I did the modeling basically using EPA screen3 method. 55% heat is assumed to be released to atmosphere and 45% left for plume rise. The pseudo parameters are then calculated based: the equivalent stack diameter, the adjusted stack height, exit velocty 20 m/s, temp 1273K. These parameters are input into the program togather with terrain data and meteorological data for the modeling. The H2S content in the sour gas is about 13 mol%, and the flaring gas flow is about 3MMSCFD. Is it reasonable to have the result of 500 ft flare? Did I do it wrong?
There is no SRU present. It is just a flare for a wellsite PSV's, Blowdowns...
JLSeagull,
Yeah, you are right. Incinerator is definately an option.
David,
You've got a good website and lots of useful information there.

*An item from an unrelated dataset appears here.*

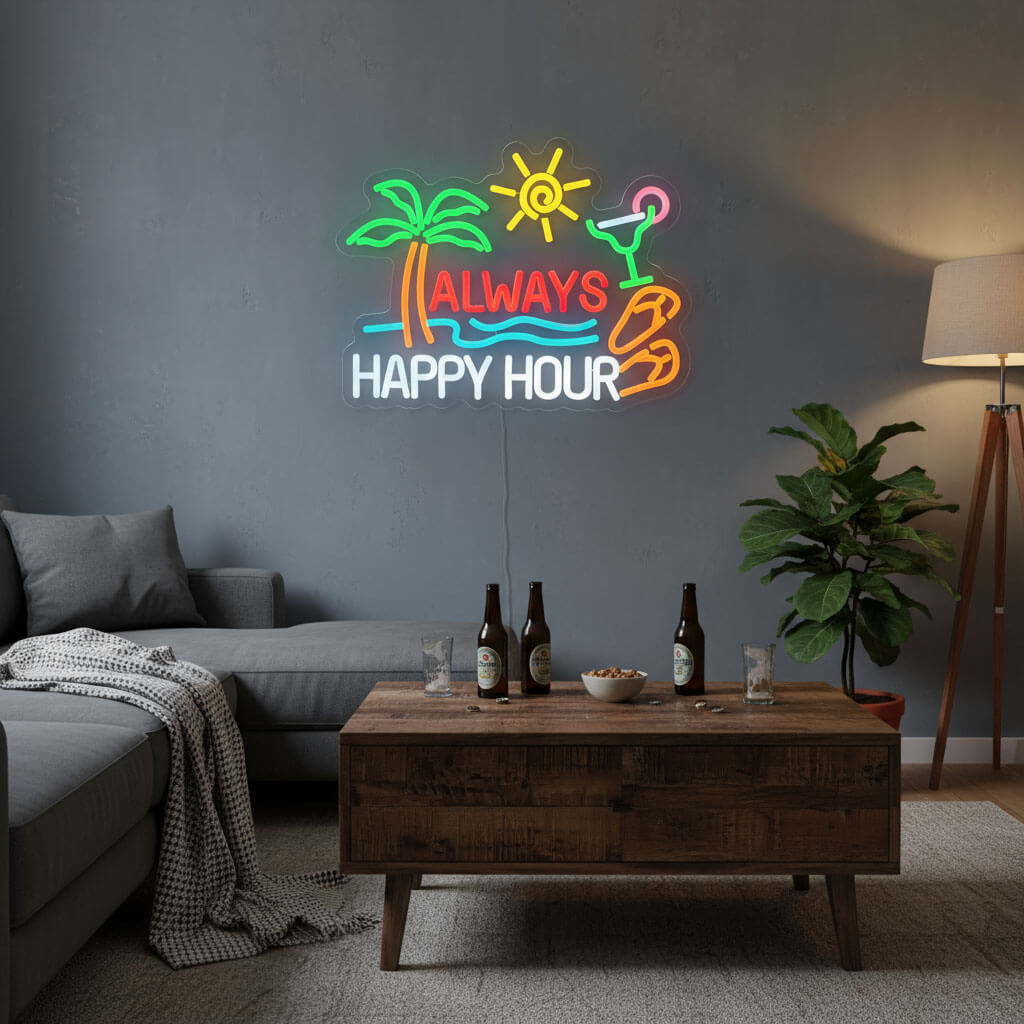 Always Happy Hour Tropical Home Decor LED Neon Sign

I did the modeling basically using EPA screen3 method. 55% heat is assumed to be released to atmosphere and 45% left for plume rise. The pseudo parameters are then calculated based: the equivalent stack diameter, the adjusted stack height, exit velocty 20 m/s, temp 1273K. These parameters are input into the program togather with terrain data and meteorological data for the modeling. The H2S content in the sour gas is about 13 mol%, and the flaring gas flow is about 3MMSCFD. Is it reasonable to have the result of 500 ft flare? Did I do it wrong?
The hydrogen sulfide in the sour gas or acid gas is converted to sulfur dioxide. The conversion level in a thermal oxidizer is far better than in a flare. I understand that the SO2 levels can be acceptable. Others can likely provide better detail.
JLSeagull:
The U.S. EPA (and the environmental agencies of many other governments) have strict regulations on SO2 emissions. If the feed gas contains H2S at a level that will burn to create more SO2 emissions than allowed (whether burned in a flare or an incinerator or a process furnace or whatever), then dispersion modeling is required to find the flue gas stack height that produces ground-level SO2 concentrations which comply with the environmental regulations ... or the amount of SO2 emissions must be reduced by some means (for example, by using a Flue Gas Desulfurization process).

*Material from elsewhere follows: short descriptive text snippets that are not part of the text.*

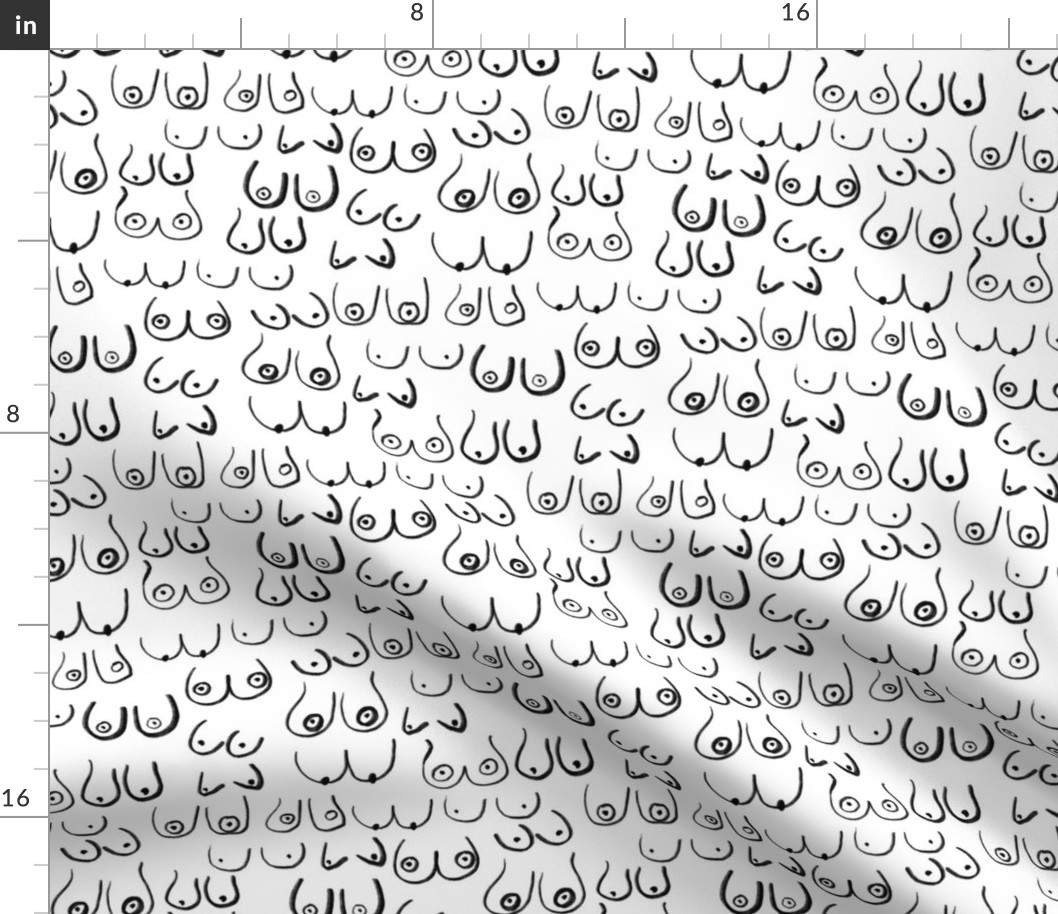 boob fabric - black and white boob design, feminine, feminist, lady, black and white fabric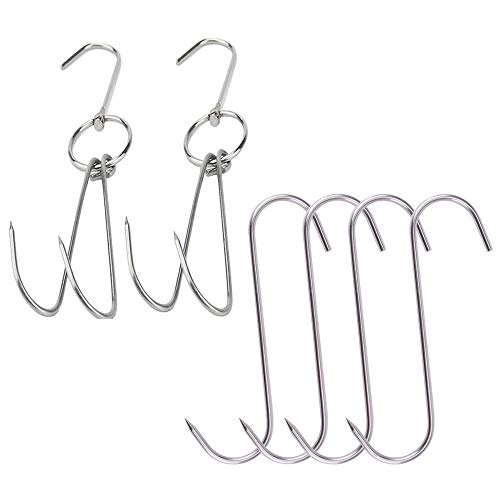 Grizef 2pcs 10inch Stainless Steel Roast Duck Double Meat Hooks + 4pcs 5 inch S-Hooks for Bacon Hams Meat Processing Butcher Hook Hanging Drying BBQ Grill Cooking Smoker Hook Tool （6pcs）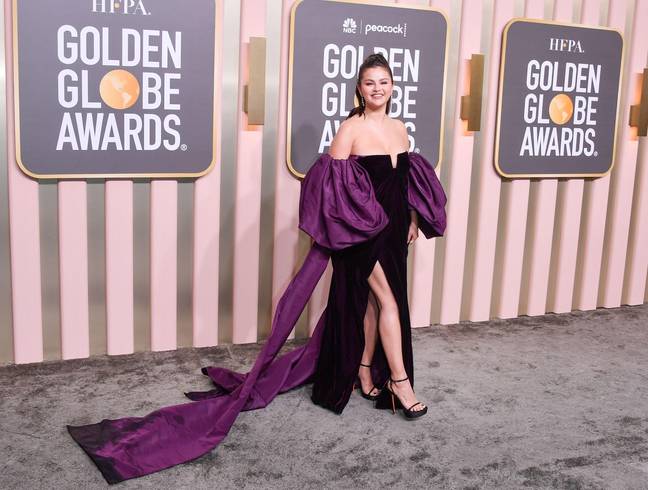Selena Gomez at the 2023 Golden Globes in January. Credit: The Canadian Press / Alamy Stock Photo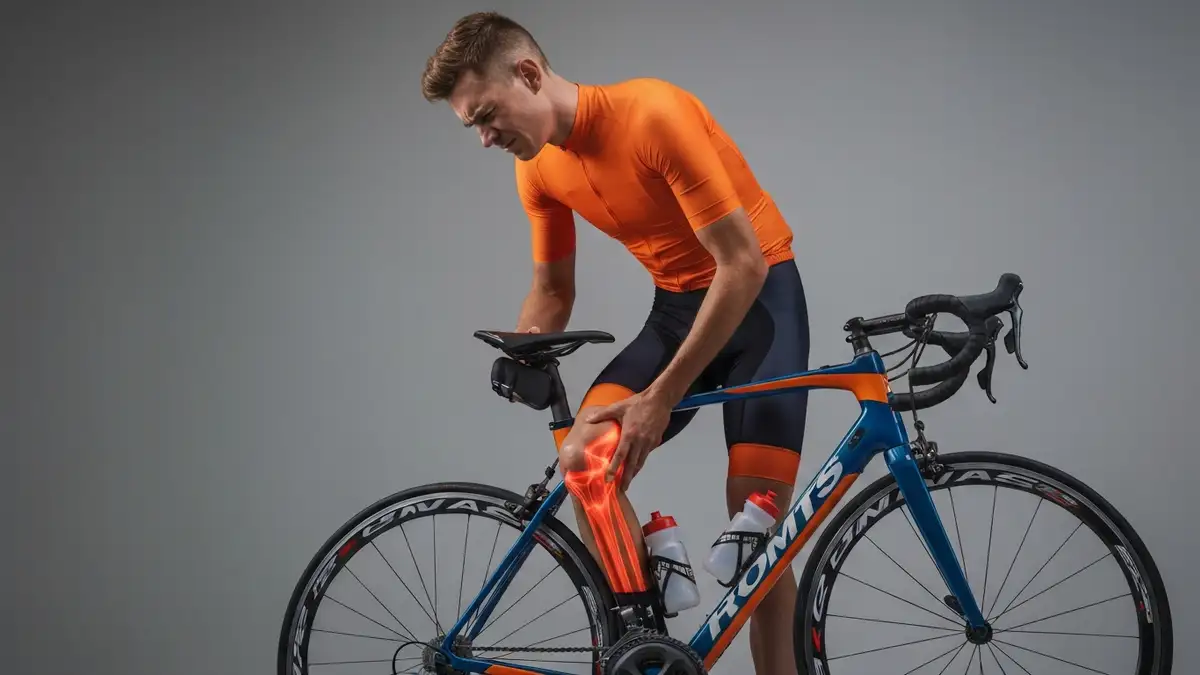 Cyklista masujący zewnętrzną część kolana z bólem IT band syndrome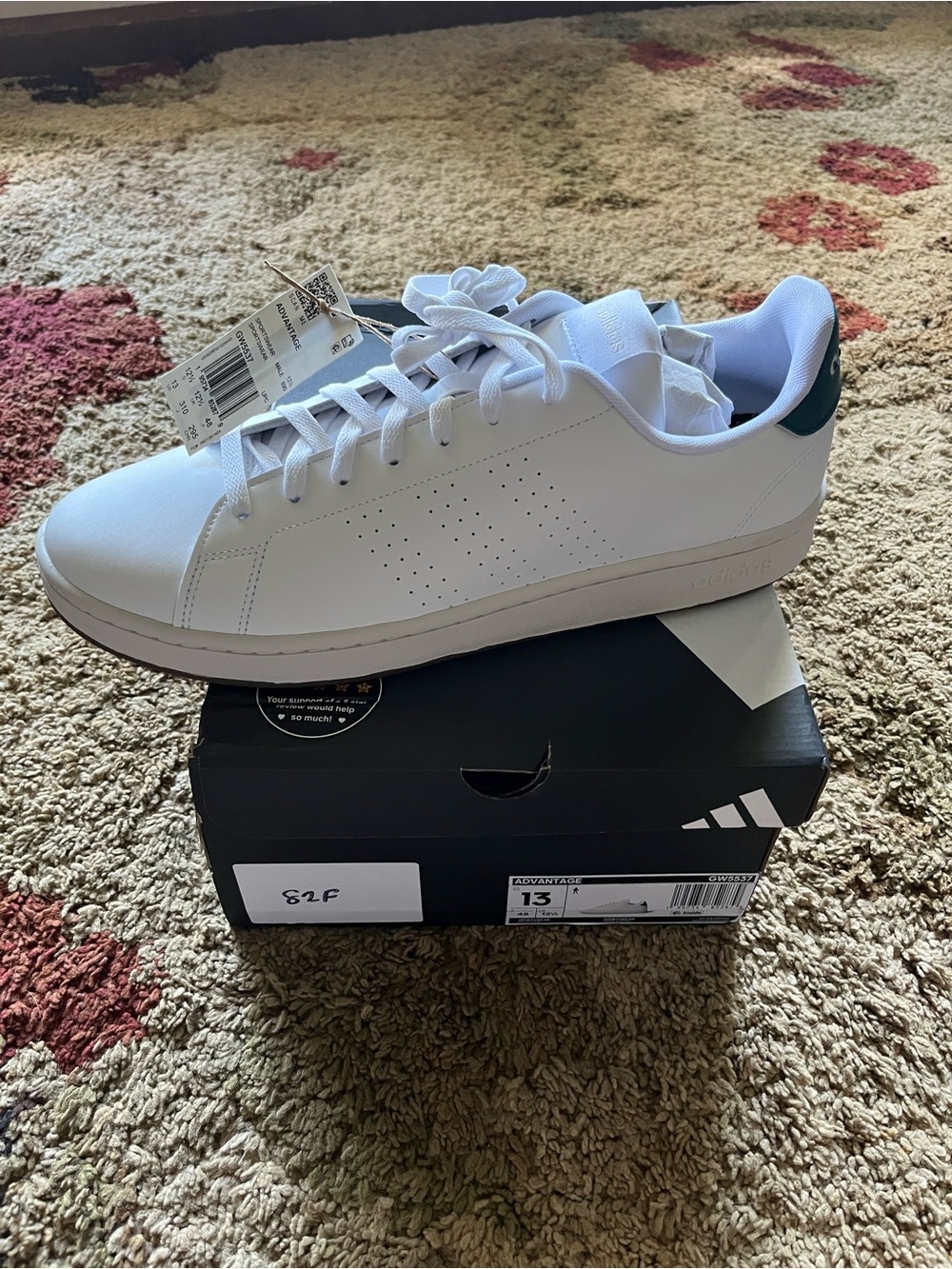adidas White Low-Top Sneakers with Green Heel Tab size 13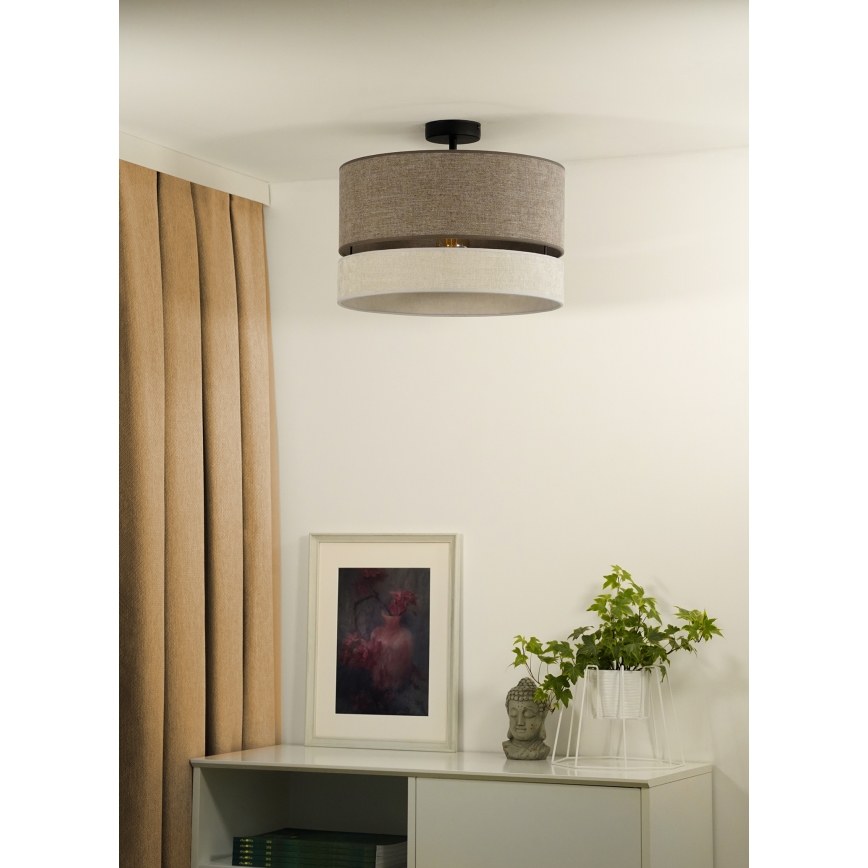 Duolla - Candeeiro integrado DOUBLE 1xE27/15W/230V diâmetro 40 cm castanho/cinzento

There is no basis whatsoever for saying that: "... the SO2 levels can be acceptable" without knowing how much H2S is being burned and without doing air-dispersion modeling on a case-by-case basis.
Milton Beychok
(Visit me at www.air-dispersion.com)
.
The U.S. EPA (and the environmental agencies of many other governments) have strict regulations on SO2 emissions. If the feed gas contains H2S at a level that will burn to create more SO2 emissions than allowed (whether burned in a flare or an incinerator or a process furnace or whatever), then dispersion modeling is required to find the flue gas stack height that produces ground-level SO2 concentrations which comply with the environmental regulations ... or the amount of SO2 emissions must be reduced by some means (for example, by using a Flue Gas Desulfurization process).

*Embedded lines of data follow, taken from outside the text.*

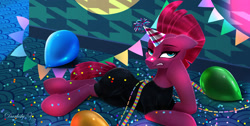 Size: 2971x1500 | Tagged: safe, artist:darksly, derpibooru import, tempest shadow, pony, unicorn, balloon, confetti, female, hat, lying down, mare, party hat, solo, streamers, tempest shadow is not amused, unamused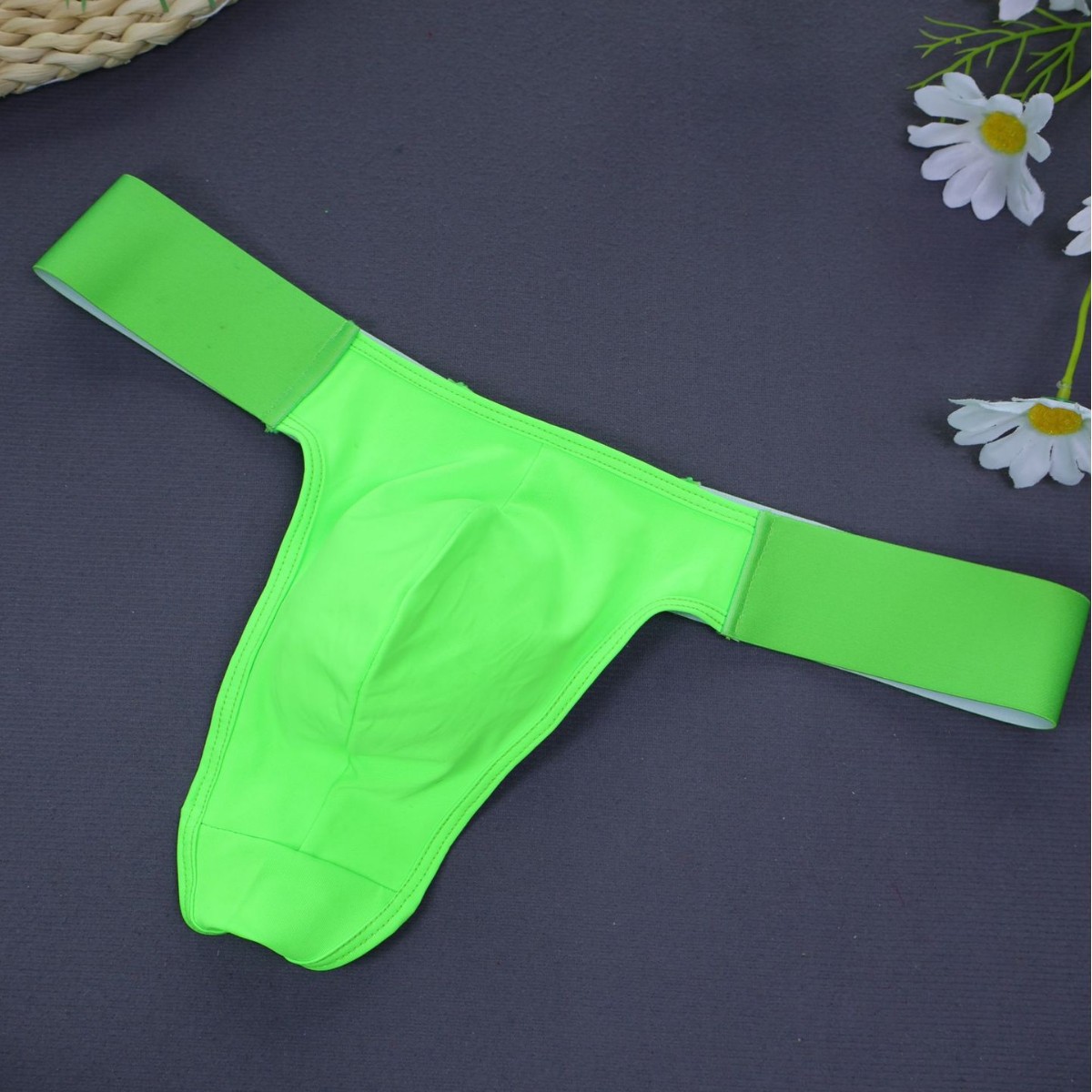 Cross-Border Men's Thong Ice Silk Men's Underwear Thin Low-Waist T-Pants Large Pouch Underwear Trendy Men's Comfort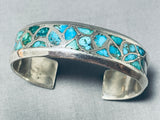 Thicker Vintage Native American Zuni Turquoise Sterling Silver Bracelet-Nativo Arts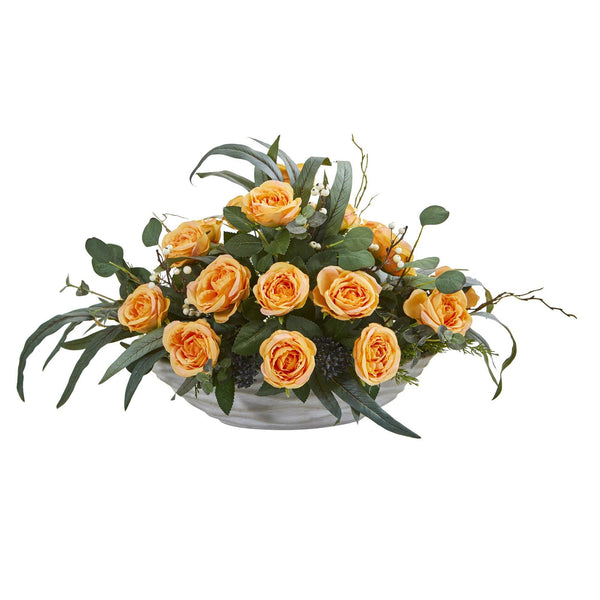 23” Rose and Eucalyptus Artificial Arrangement in Vase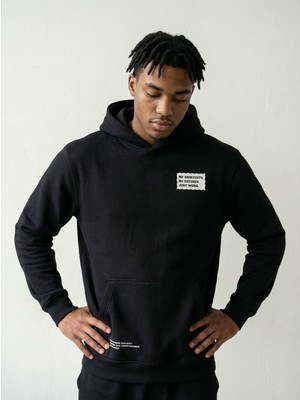 CLAW UP WORK Oversıze Hoodıe | Blackout Work Baskılı (Unisex Pamuklu Yumuşak Dokulu Geniş Kesim Siyah Kapüşonlu Sweatshirt)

There is no basis whatsoever for saying that: "... the SO2 levels can be acceptable" without knowing how much H2S is being burned and without doing air-dispersion modeling on a case-by-case basis.
Milton Beychok
(Visit me at www.air-dispersion.com)
.
Mbeychok you seem rather offended that some possibility nmay exist that incinerators may comply with the EPA requirements. Sorry. Initially I attached some EPA links pertaining to the incinerator temperature control etc. However, as a chemical engineer you understand the conversion from H2S to SO2 well enough to do your own additional research.
The basis of the statement is that many sulfur conversion units have acid gas incinerators. These may be thermal oxidizers, catalytic oxidizers or other such devices. I prefer to label them incinerators. The regulations and the incinerators both exist. Thus, either "... the SO2 levels can be acceptable" or perhaps they just don't comply.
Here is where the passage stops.